An action movie deluxe and a cartoon extraordinaire, they appear as reminders of why you liked movies in the first place. Each film is a marvel of visual wit?the daily world imaginatively transformed. That's a quality often taken for granted by plot-obsessed filmgoers unaccustomed to appreciating the way movies look and feel. To dismiss Torque and Teacher's Pet because of their genres would only display self-denying pseudo-sophistication. (Calling Torque mindless is like complaining Jason Kidd isn't Bertrand Russell.) You don't get filmmaking this spectacular at Sundance?and lately not at the cineplexes, either. After lugubrious experiences like The Last Samurai and The Triplets of Belleville, I hadn't expected to like these newest adventure and fantasy films, but I beheld their insouciance with wide-eyed delight.
The chrome credits in the title sequence of Torque start the fascination. As if lifted off the gas tank of the hero's V-Twin engine Aprilia Mille RSV motorcycle (a dazzling Italian import), the gleaming credits reflect both the rider and the roadside zooming past him. Movie credits are non-diegetic, yet these infiltrate the story that unfolds. Director Joseph Kahn uses emblematic credits to visualize the real world and its dizzying stylization.
Torque is a B-movie in the Xbox era.
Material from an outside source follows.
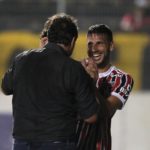 Calleri cumprimenta Rogério Ceni na vitória do São Paulo. (Foto: Twitter do São Paulo)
Decades ago, films like this tended toward morality tales (Walter Hill perfected the tradition in his pulp epics The Warriors and Streets of Fire), but now the genre has been distilled to playful gestures (the challenge, the chase) and to fictional stereotypes (the loner, the badass). Torque leaves the comparative realism of 2001's sleekly-designed The Fast and the Furious in the dust. Kahn, another music video ace, has done the near improbable: In this debut film, he transitions to features?MTV vocabulary intact?but without degrading the big screen. He shows that imagery, motion and editing must be clever?not merely fast. His understanding of cinematic composition avoids the messy incoherence of Moulin Rouge or anything by Michael Bay.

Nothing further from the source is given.